Jean Theoret and the U-96 have hydroplane rivals worried
Jean Theoret has been trying to climb into the driver’s seat of the U-96 Ellstrom Elam Plus for 15 years.
Now that he’s finally in there, the driver who had been away from unlimited hydroplane racing for five years could get Ellstrom Racing back on top after two years of rebuilding.
The hydros race Friday through Sunday on Lake Washington as part of Seattle’s Seafair.
Last weekend, at the Gold Cup in the Tri-Cities, Theoret showed that he could well be driving the boat to beat this season. He was the top qualifier and he would have won the final had he not driven into a restricted part of the race course — dubbed the DMZ — and been disqualified.
“He kind of blew it,” said Chip Hanauer, a legendary driver turned analyst. “He had the fastest boat. There’s no question with everybody racing and everybody on the beach (that) he had the fastest boat.”
Jimmy Shane in the Oberto won the Gold Cup, but it was obvious his crew has work to do if it is going to repeat as national champions.
“They’re (the Ellstrom boat) going to be just as fast, if not faster, than Tri-Cities,” said Shane, the two-time defending drivers’ champ. “The rest of us as teams have to step up our games a little bit and do some work on our boats to try and catch up to the 96 boat.”
No. 96, which ran as the Spirit of Qatar from 2010-14, is back after a boat was built from scratch following a fire after a flip in Doha, Qatar, in January 2013.

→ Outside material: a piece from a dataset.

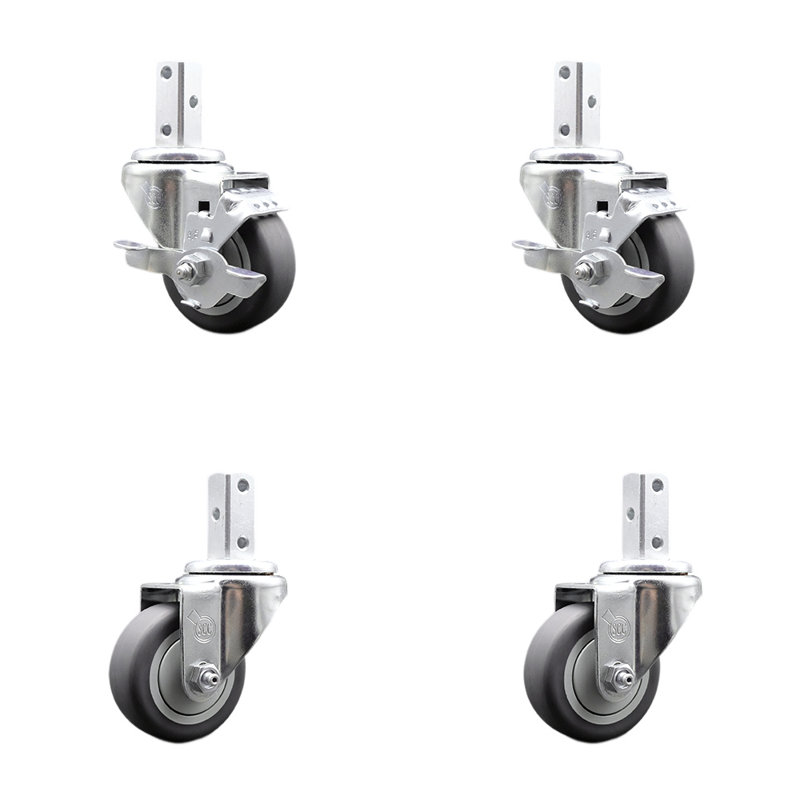 Thermoplastic Rubber Casters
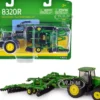 John Deere 8320R Tractor John Deere 637 Disc Harrow Folding Wings 1/64 Diecast Models ERTL TOMY 45479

The new boat debuted last year in Tri-Cities and was damaged the next week in a flip in Seattle. After running in only four races, the Ellstrom team treated last season like a redshirt year to get the boat ready.
“It didn’t come out of the box as we anticipated,” team owner Erick Ellstrom said. “There were a lot of things to change and fix.”
Driver Kip Brown injured his neck in the flip and aggravated it a few weeks later in San Diego. Theoret took over for the final race in Qatar.
Theoret had been talking to Ellstrom since 2000 about driving the boat. The Ellstrom team, along with the Steve David-driven Oberto, were the top teams in hydroplane racing over the decade since the dominating Miss Budweiser was retired in 2004.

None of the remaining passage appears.